The husband and I are GYSTing together again. This time, we’re cutting back on eating out. We’ve limited ourselves to just three times a week each, including the times we eat out together. Since I forgot about the challenge – and since I have little self-control when it comes to food – I’ve been done with my three since lunchtime Monday. Yes, Monday, as in day two of the week. But on the bright side, husband’s felt sorry for me and has been preparing my meals. I love being his wife. He’d rather have me happy than hangry. As would the world.
The other part of this GYST challenge is making myself write something everyday. Fortunately, I have a friend on board for this as well, which should (fingers crossed!) keep me motivated. I hope you’re sticking with your challenges, too.
Beyond GYST, I’m continuing my focus on personal freedom and truth. These two things have become increasingly significant in my life as I grow in my career, marriage, and other relationships, and it’s really paying off. I’ve been much lighter and happier these days in peaceful detachment.
How did I get here? Well, it wasn’t (and isn’t) easy. It’s taken a whole lot of forgiveness, awareness, and personal responsibility.
A huge change came about when I decided to make peace with my father’s absence from my life earlier this year. One of the most transformative steps was acknowledging that he will never be who I want him to be. But this alone didn’t truly make an impact on me until I acknowledged with my whole heart that I really didn’t need him to be. Once I got beyond being right, I was able to focus on being whole. I learned to fully embrace my truth, and ultimately, it freed us both.
Now, I understand everyone’s situation is different. Trust me, I get it. But what’s undeniable is the value of accountability.
When you know who you are, you can more easily create a healthy layer of separation from others. It’s not about removing them from your life, and it’s also not about having a full-on relationship when you really don’t want one. It’s about making the choice to live your own life presently without any attachment to outcomes.
Concerning ourselves with the actions or opinions of deadbeat dads, disapproving in-laws, exes, overbearing mothers, haters or frenemies is an unhealthy burden.
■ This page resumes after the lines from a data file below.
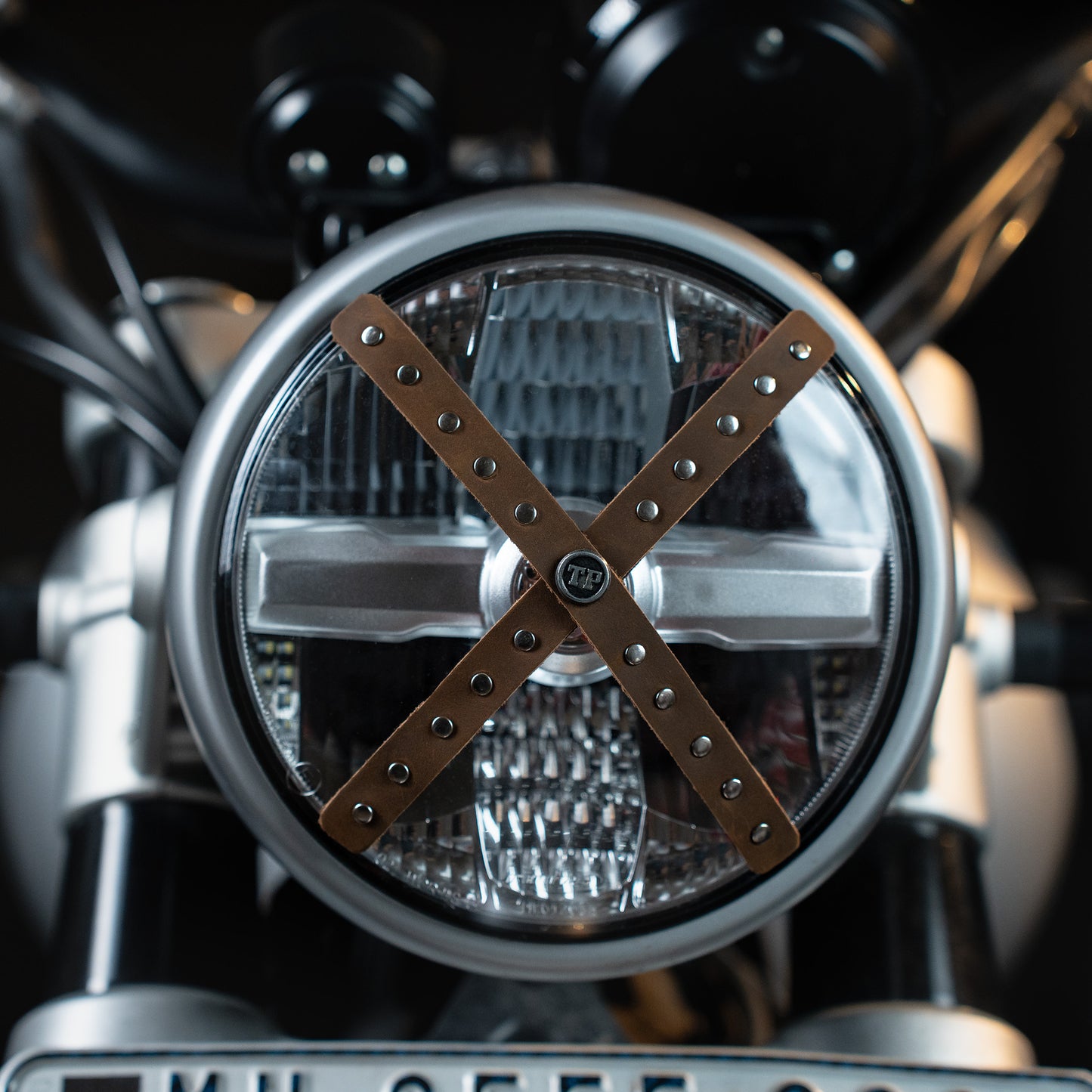 Studded Headlight Cross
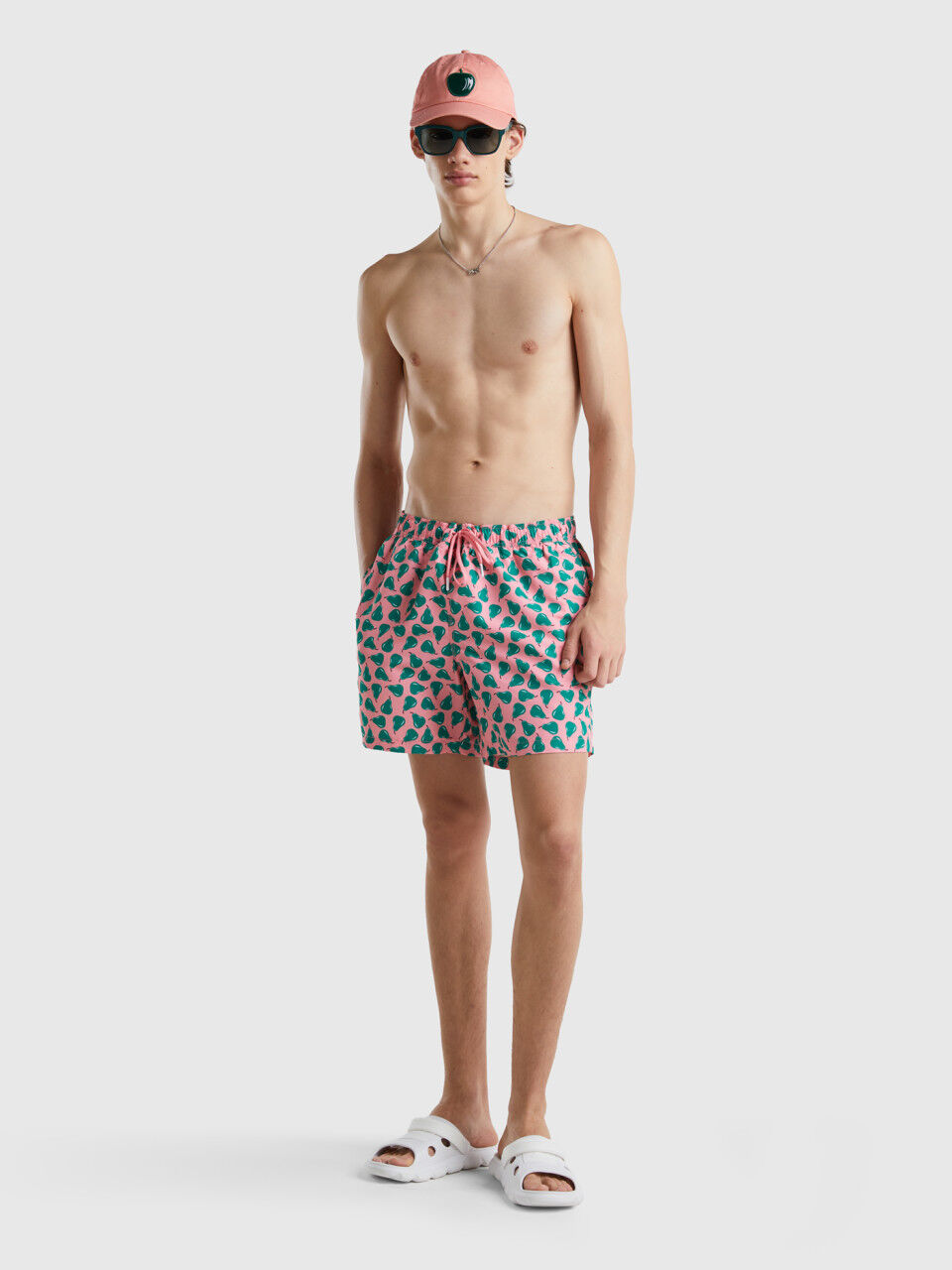 Pink swim trunks with pear pattern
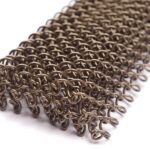 Coil drapery in an antique bronze finish, close view of the interlinked wire rings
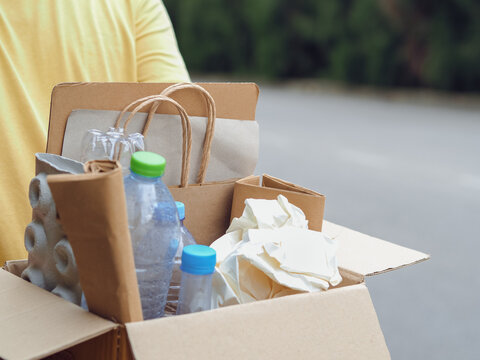 Young man hand holding box of garbage for recycling. Reuse reduce recycle concept.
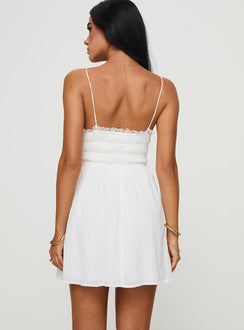 back view of model wearing Princess Polly Patterstone Mini Dress White V-Neck 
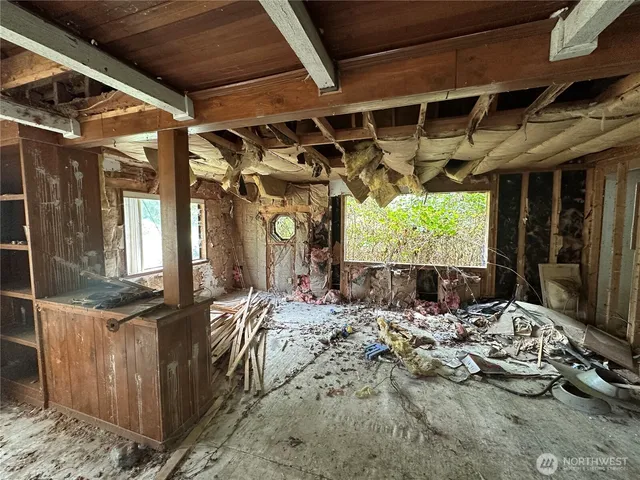 a view of a porch with furniture and a grill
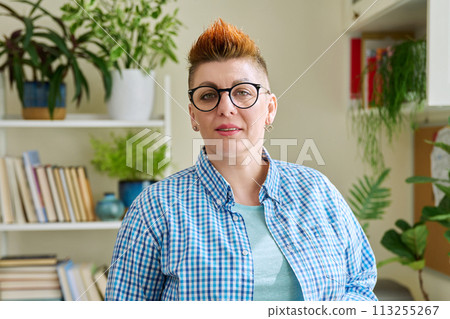 Portrait of smiling middle-aged woman in glasses with red haircut 113255267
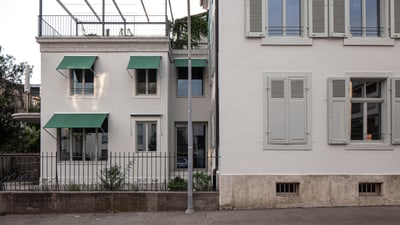Zwei Gebäude mit grünen Markisen und geschlossenen Fensterläden.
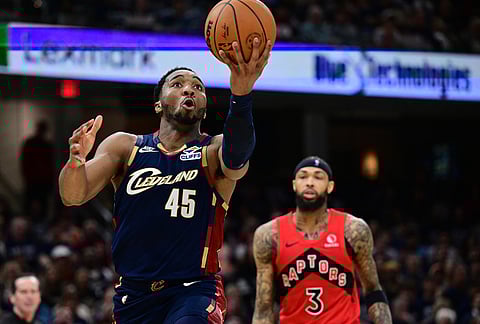 Cleveland Cavaliers guard Donovan Mitchell goes to the basket against the Toronto Raptors during the second half in Game 1 of a first-round NBA playoffs basketball series, in Cleveland.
And surely, we’re not doing ourselves any favors by being vindictive or spiteful back. I’ve been there. I know.
But, how do we free ourselves from this sort of negative motivation and truly live for ourselves? Well, we just do. We live to only prove something to ourselves, not to others. We don’t punish. We don’t judge. We value wholeness over partiality, reality over illusion, authenticity over deception. And we learn to set ourselves and others free from what we wish they would be.
Personal freedom, for me, is really just the realization that my life is my own. And truth doesn’t just keep me honest, it keeps me real.